◆ **Exercise objective**
The answer must be every line of the records below that contains the word "with".

== Records provided ==

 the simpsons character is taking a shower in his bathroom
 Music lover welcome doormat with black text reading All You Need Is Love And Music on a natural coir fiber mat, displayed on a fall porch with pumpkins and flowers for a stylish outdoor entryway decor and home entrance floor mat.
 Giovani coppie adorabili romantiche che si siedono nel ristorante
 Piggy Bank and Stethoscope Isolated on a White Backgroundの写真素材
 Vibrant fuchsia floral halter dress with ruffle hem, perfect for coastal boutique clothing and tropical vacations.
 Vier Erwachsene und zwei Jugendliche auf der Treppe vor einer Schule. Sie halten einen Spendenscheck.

===
== Records provided ==

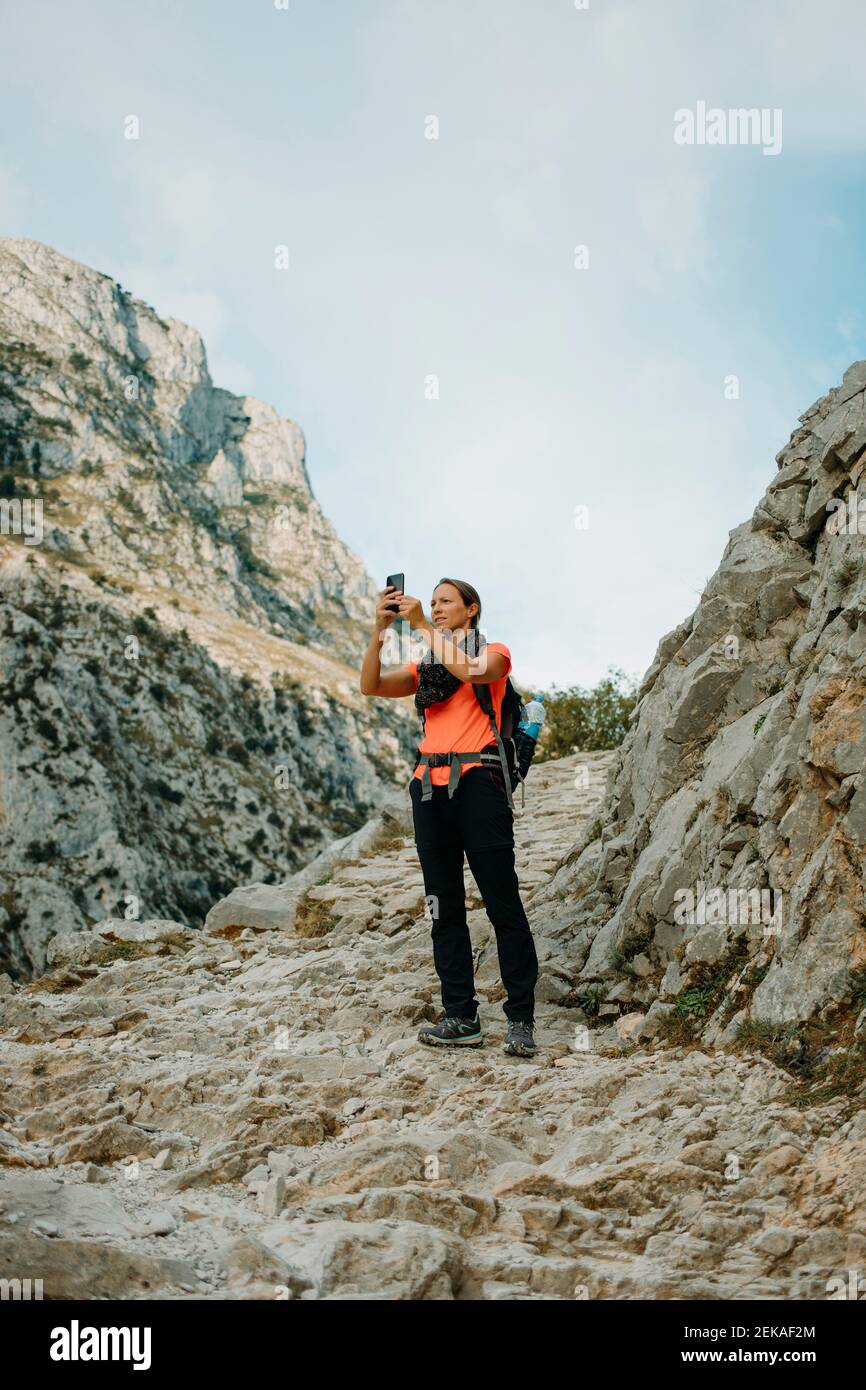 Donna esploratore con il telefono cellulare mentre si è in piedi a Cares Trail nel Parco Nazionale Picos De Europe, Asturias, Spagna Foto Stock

===
== Records provided ==

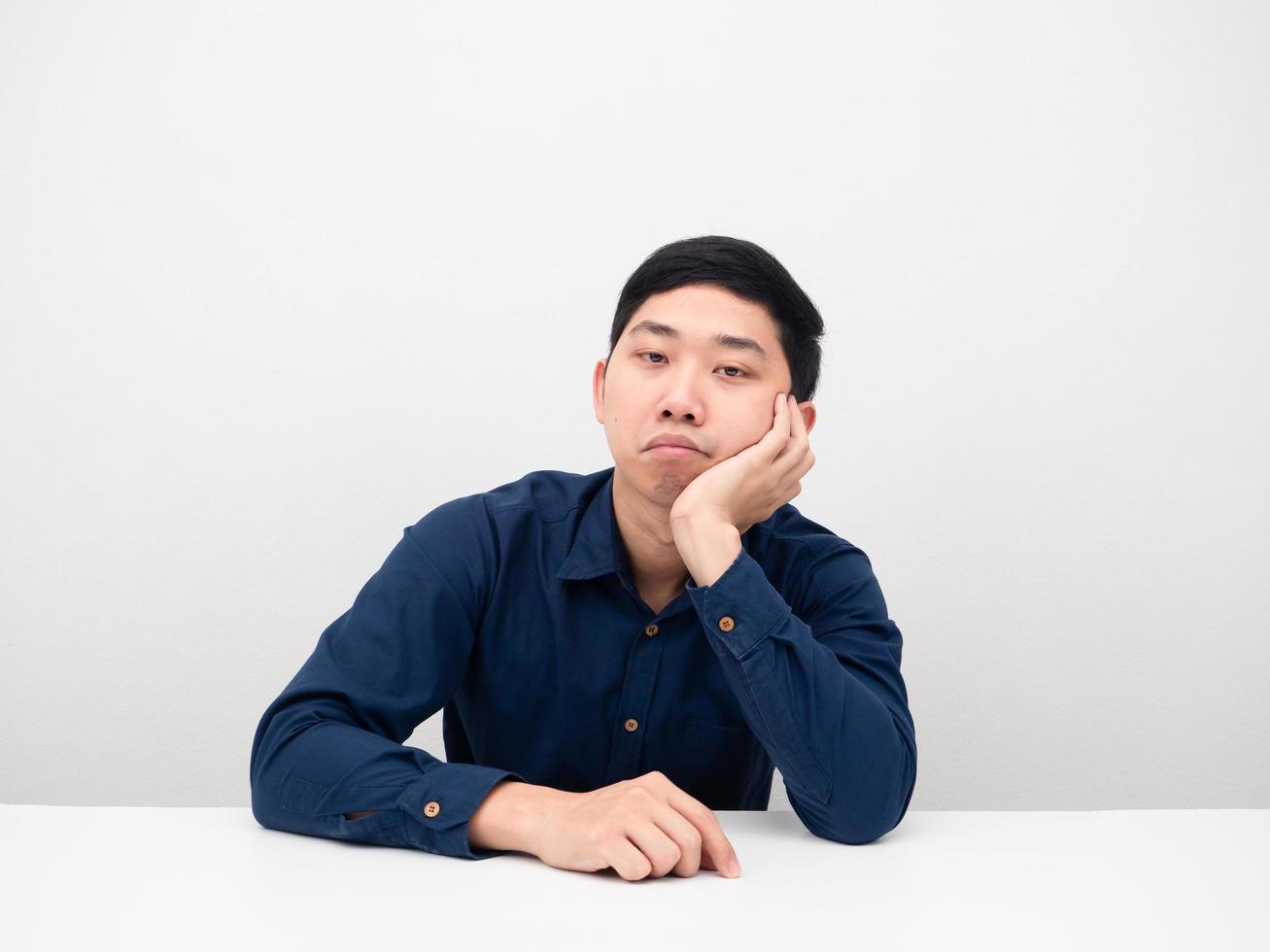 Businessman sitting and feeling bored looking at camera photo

===

◆ **Exercise output**
 Music lover welcome doormat with black text reading All You Need Is Love And Music on a natural coir fiber mat, displayed on a fall porch with pumpkins and flowers for a stylish outdoor entryway decor and home entrance floor mat.
 Vibrant fuchsia floral halter dress with ruffle hem, perfect for coastal boutique clothing and tropical vacations.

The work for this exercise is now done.